Supplied material —
******************************

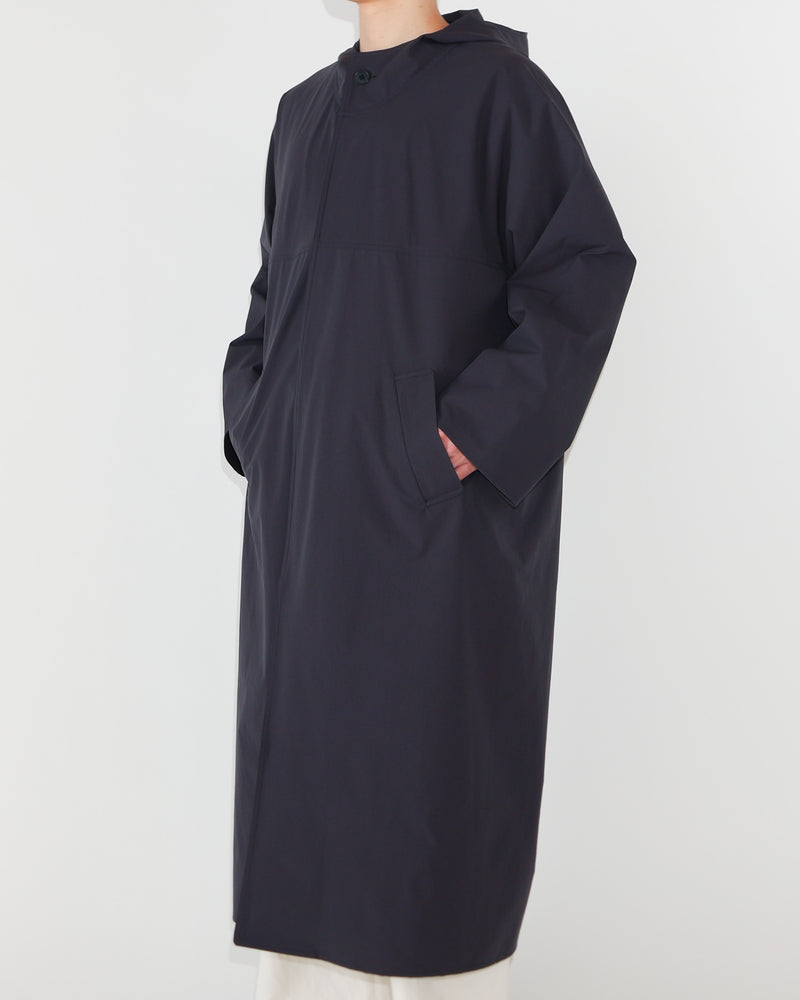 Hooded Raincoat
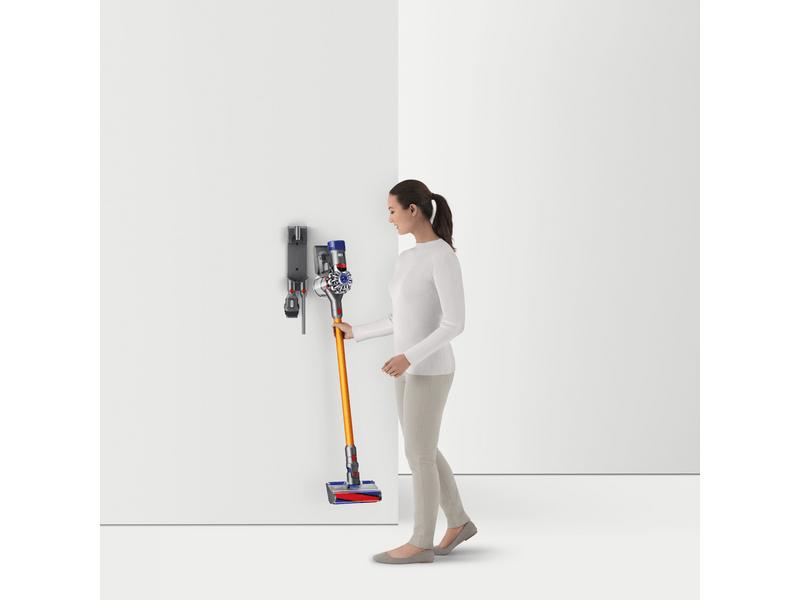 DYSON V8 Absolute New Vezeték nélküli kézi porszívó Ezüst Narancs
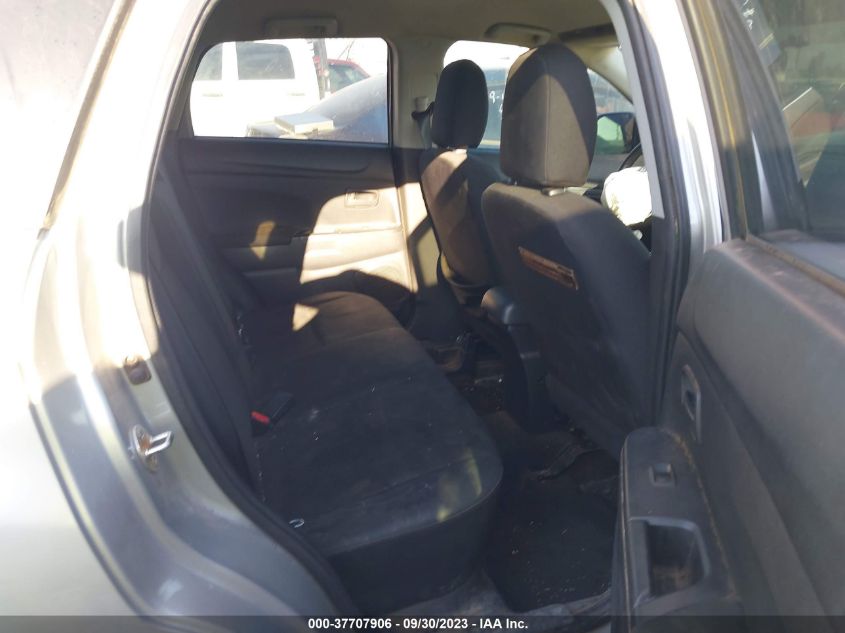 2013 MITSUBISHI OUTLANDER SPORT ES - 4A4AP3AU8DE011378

******************************

Problem to work on — Word-for-word repeat, images excluded: return all the data.

Solution —
 Hooded Raincoat
 DYSON V8 Absolute New Vezeték nélküli kézi porszívó Ezüst Narancs
 2013 MITSUBISHI OUTLANDER SPORT ES - 4A4AP3AU8DE011378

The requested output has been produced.